[Web page caption snippets]
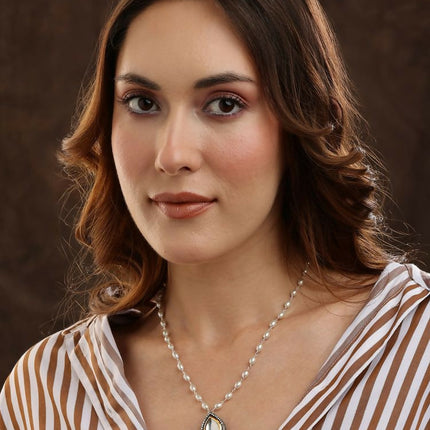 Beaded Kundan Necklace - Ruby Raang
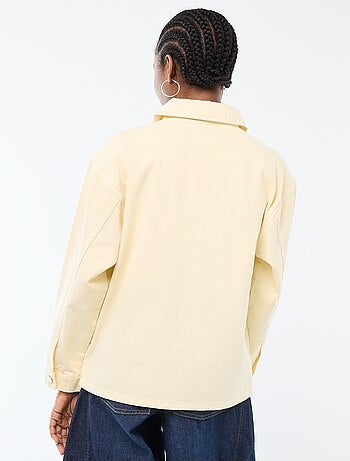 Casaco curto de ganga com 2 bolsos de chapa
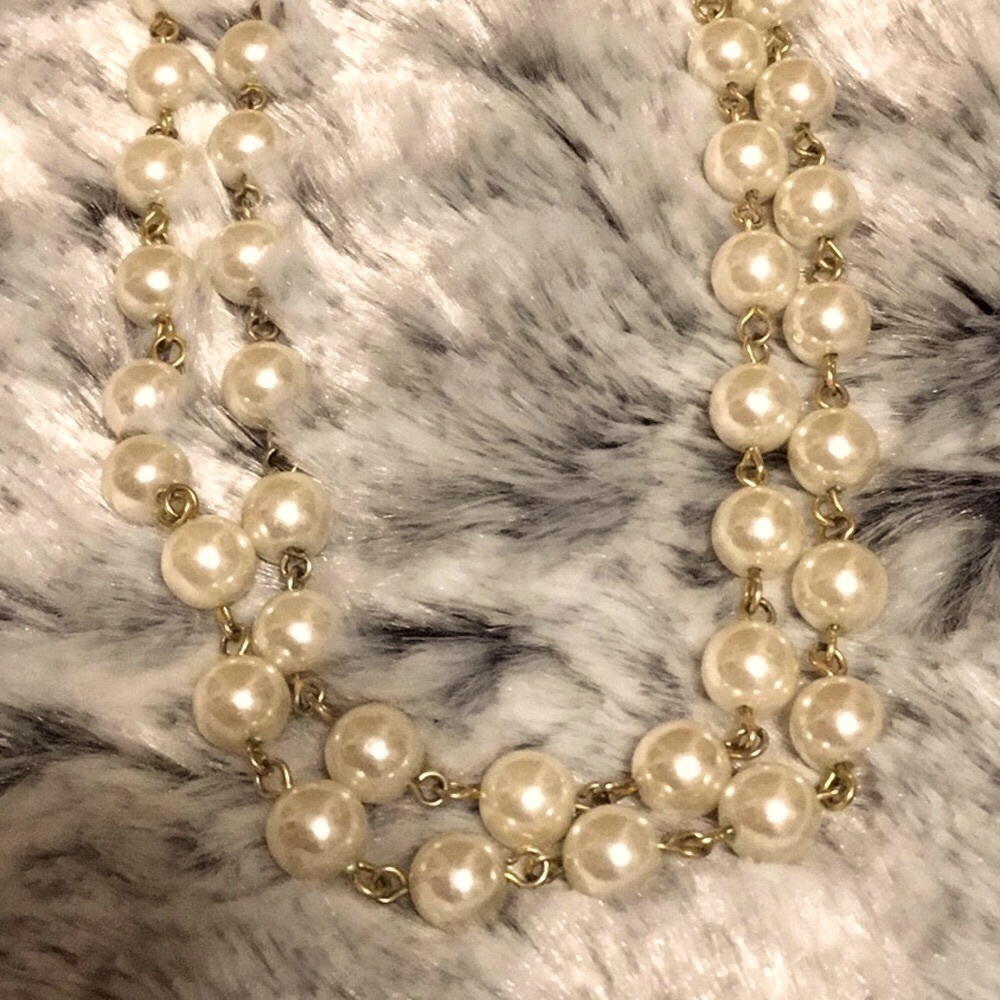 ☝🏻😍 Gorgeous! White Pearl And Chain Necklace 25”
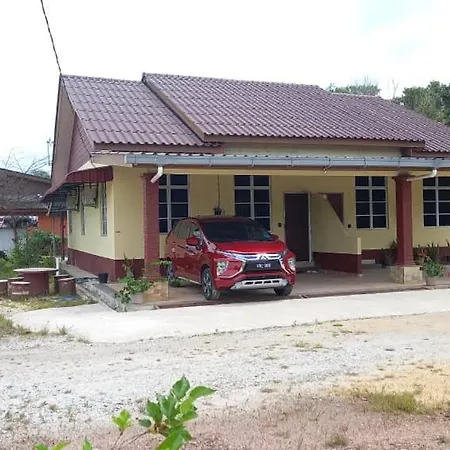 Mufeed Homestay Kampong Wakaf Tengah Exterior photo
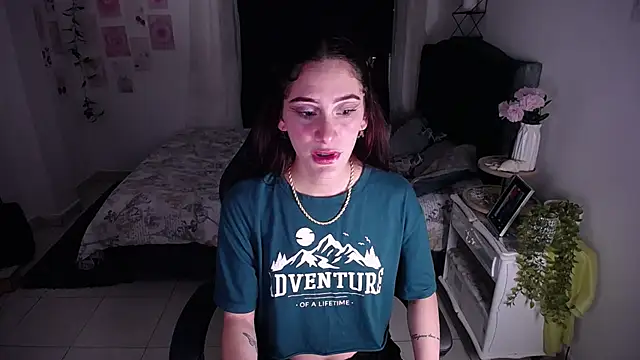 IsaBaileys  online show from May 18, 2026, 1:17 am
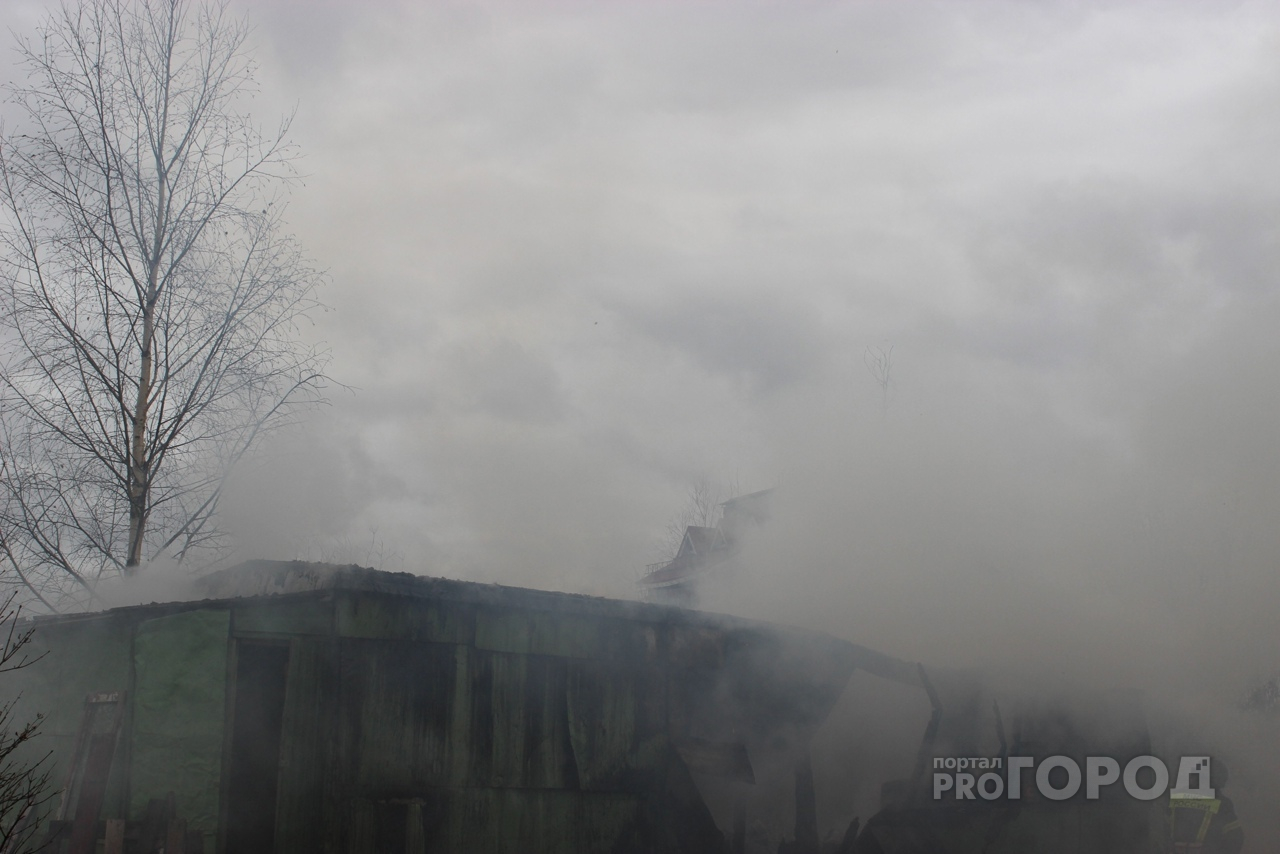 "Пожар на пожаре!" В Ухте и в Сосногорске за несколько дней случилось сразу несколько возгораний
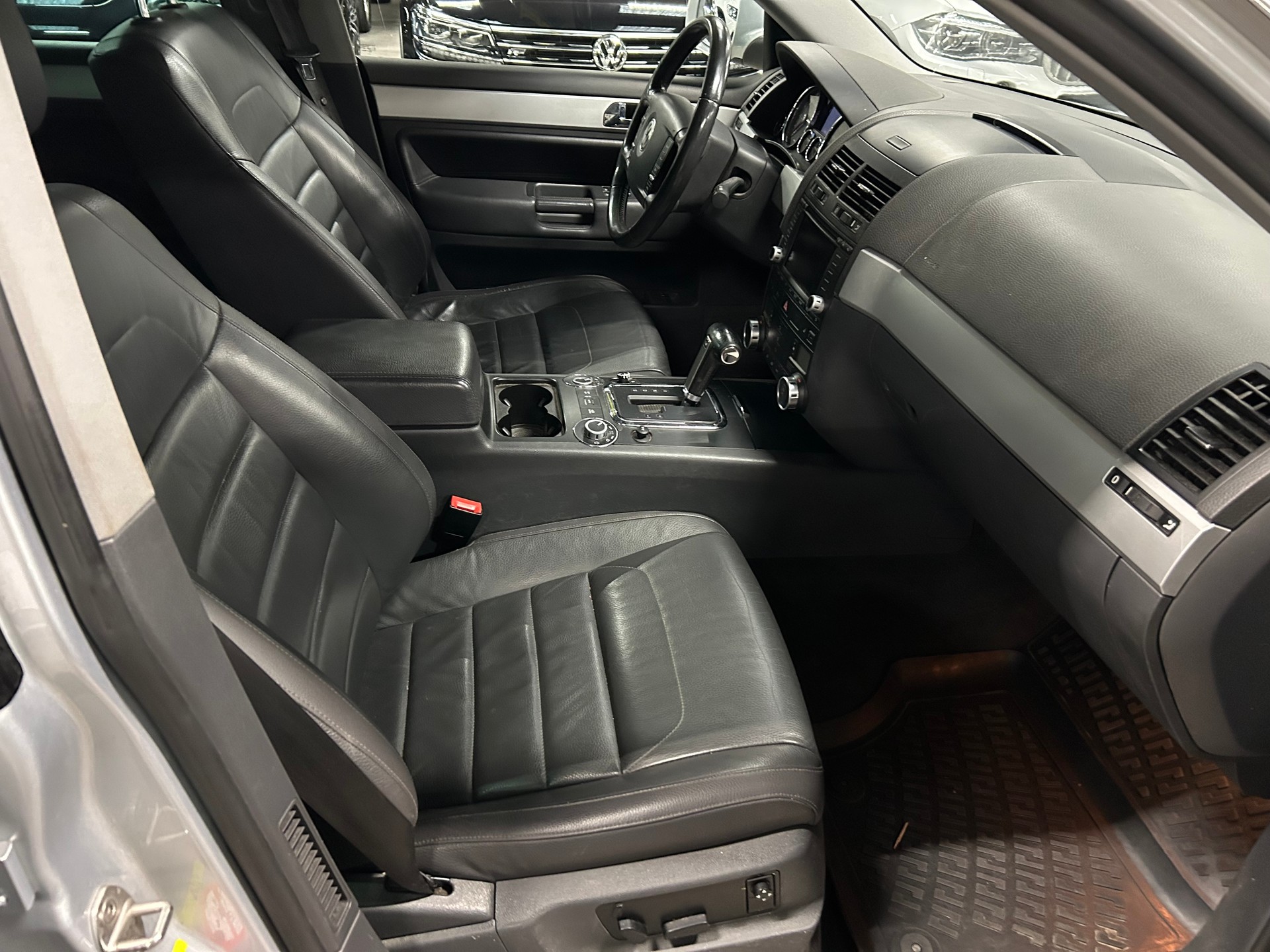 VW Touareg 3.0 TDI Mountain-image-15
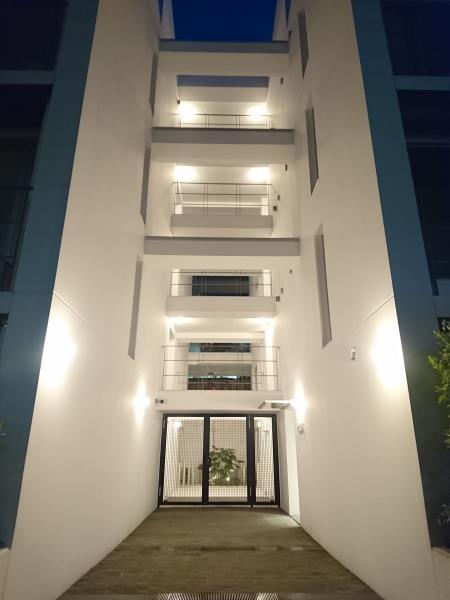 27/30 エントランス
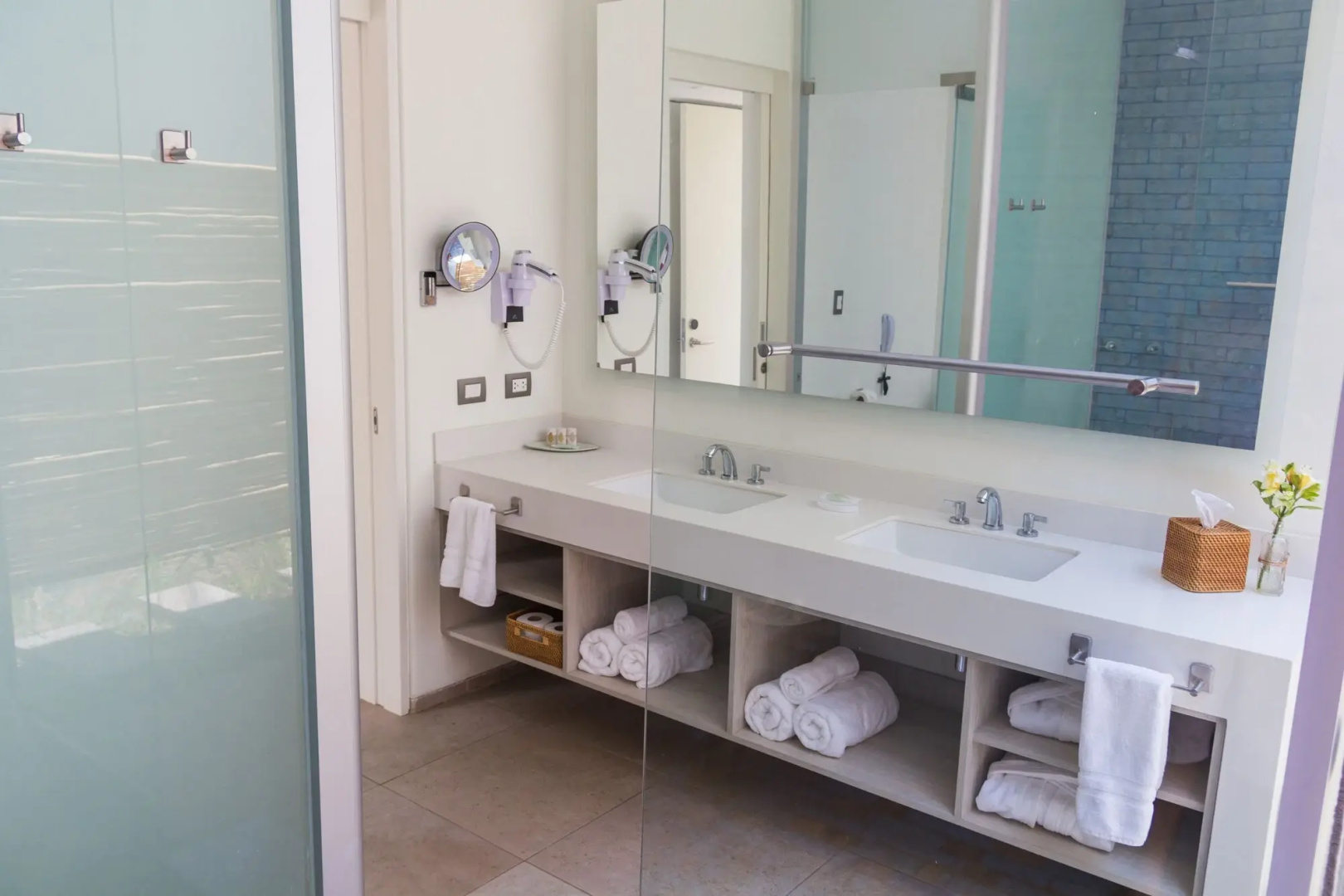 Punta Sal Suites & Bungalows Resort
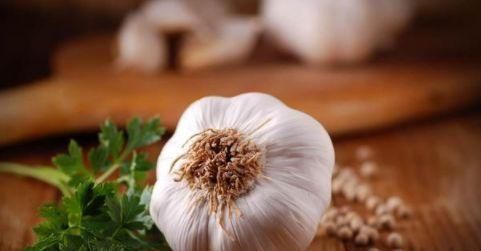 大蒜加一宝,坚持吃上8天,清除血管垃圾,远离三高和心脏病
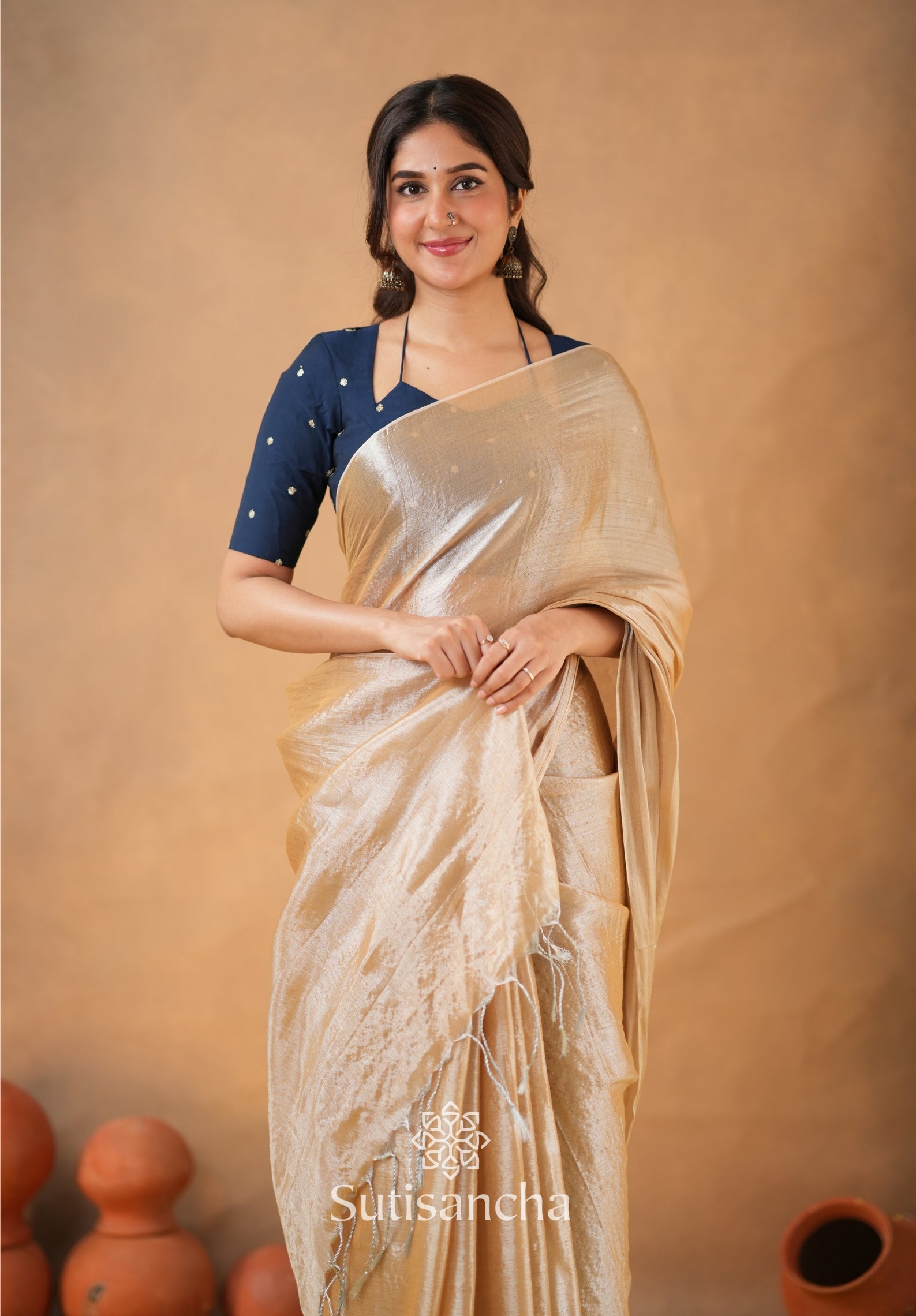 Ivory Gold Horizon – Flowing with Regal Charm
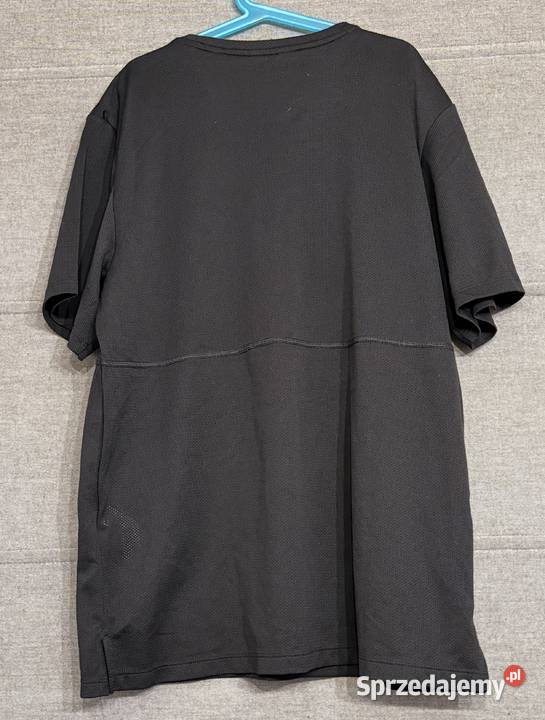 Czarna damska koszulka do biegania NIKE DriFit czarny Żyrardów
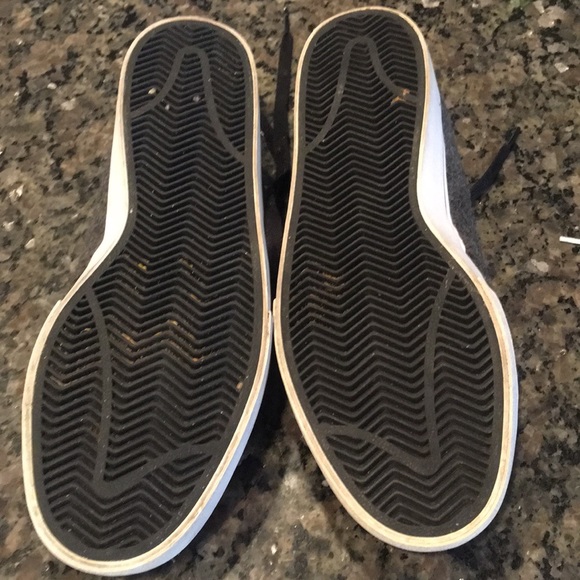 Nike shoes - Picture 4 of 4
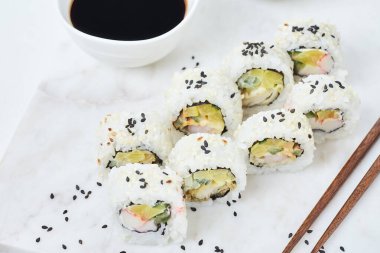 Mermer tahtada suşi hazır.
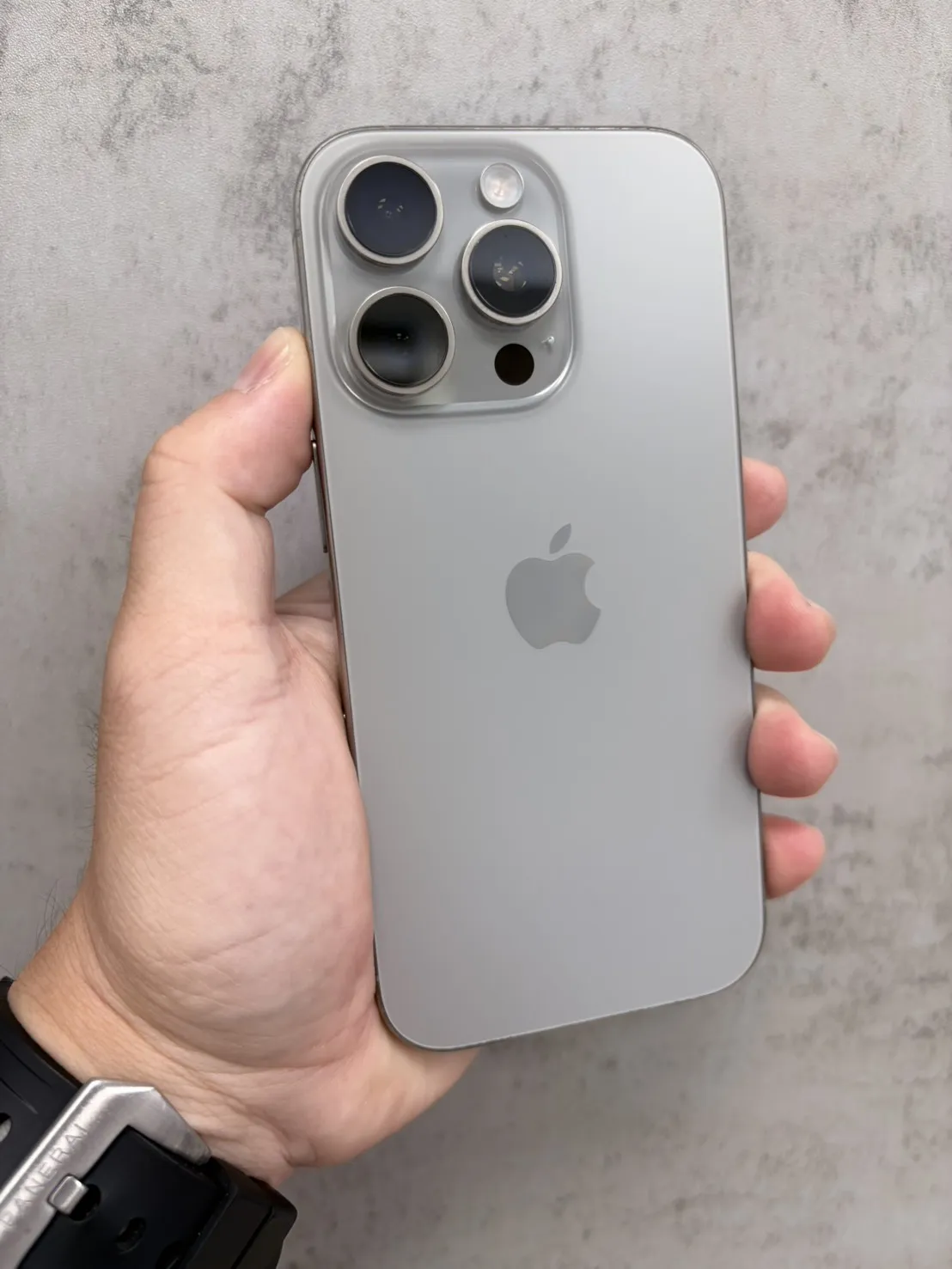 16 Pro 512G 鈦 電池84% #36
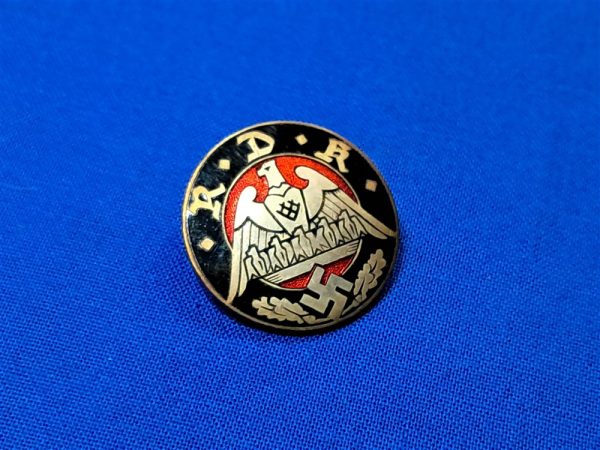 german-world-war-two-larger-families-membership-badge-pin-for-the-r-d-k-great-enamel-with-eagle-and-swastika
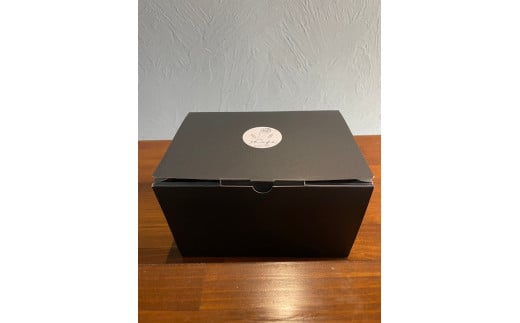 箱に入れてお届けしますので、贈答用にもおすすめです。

--- What is expected ---
The records above, copied word for word without the pictures, are what should be output.

--- Completed exercise ---
 Beaded Kundan Necklace - Ruby Raang
 Casaco curto de ganga com 2 bolsos de chapa
 ☝🏻😍 Gorgeous! White Pearl And Chain Necklace 25”
 Mufeed Homestay Kampong Wakaf Tengah Exterior photo
 IsaBaileys  online show from May 18, 2026, 1:17 am
 "Пожар на пожаре!" В Ухте и в Сосногорске за несколько дней случилось сразу несколько возгораний
 VW Touareg 3.0 TDI Mountain-image-15
 27/30 エントランス
 Punta Sal Suites & Bungalows Resort
 大蒜加一宝,坚持吃上8天,清除血管垃圾,远离三高和心脏病
 Ivory Gold Horizon – Flowing with Regal Charm
 Czarna damska koszulka do biegania NIKE DriFit czarny Żyrardów
 Nike shoes - Picture 4 of 4
 Mermer tahtada suşi hazır.
 16 Pro 512G 鈦 電池84% #36
 german-world-war-two-larger-families-membership-badge-pin-for-the-r-d-k-great-enamel-with-eagle-and-swastika
 箱に入れてお届けしますので、贈答用にもおすすめです。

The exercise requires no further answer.